• [About this exercise] In the records below, find each line with the word "Wall" and copy it.

[Data items]

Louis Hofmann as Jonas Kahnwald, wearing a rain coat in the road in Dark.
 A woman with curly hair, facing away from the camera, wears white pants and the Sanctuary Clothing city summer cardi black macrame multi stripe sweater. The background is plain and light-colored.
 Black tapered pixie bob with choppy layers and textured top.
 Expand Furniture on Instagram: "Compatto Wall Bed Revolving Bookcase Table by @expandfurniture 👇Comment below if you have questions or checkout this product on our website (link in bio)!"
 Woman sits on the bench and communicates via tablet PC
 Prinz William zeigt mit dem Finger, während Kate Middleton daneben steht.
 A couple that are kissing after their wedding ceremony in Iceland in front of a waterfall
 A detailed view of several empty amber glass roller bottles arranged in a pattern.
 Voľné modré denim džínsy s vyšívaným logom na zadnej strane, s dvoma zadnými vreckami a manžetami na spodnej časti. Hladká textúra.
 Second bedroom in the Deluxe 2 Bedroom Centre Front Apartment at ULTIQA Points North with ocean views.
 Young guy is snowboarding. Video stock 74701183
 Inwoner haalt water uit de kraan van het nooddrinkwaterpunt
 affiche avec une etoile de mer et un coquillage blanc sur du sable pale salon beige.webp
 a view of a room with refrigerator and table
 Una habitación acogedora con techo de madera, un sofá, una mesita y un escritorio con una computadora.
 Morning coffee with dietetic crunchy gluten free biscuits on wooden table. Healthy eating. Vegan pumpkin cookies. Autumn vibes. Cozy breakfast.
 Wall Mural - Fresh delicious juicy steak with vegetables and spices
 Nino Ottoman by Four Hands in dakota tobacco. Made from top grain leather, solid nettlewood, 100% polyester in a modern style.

• [Solved exercise]
 Expand Furniture on Instagram: "Compatto Wall Bed Revolving Bookcase Table by @expandfurniture 👇Comment below if you have questions or checkout this product on our website (link in bio)!"
 Wall Mural - Fresh delicious juicy steak with vegetables and spices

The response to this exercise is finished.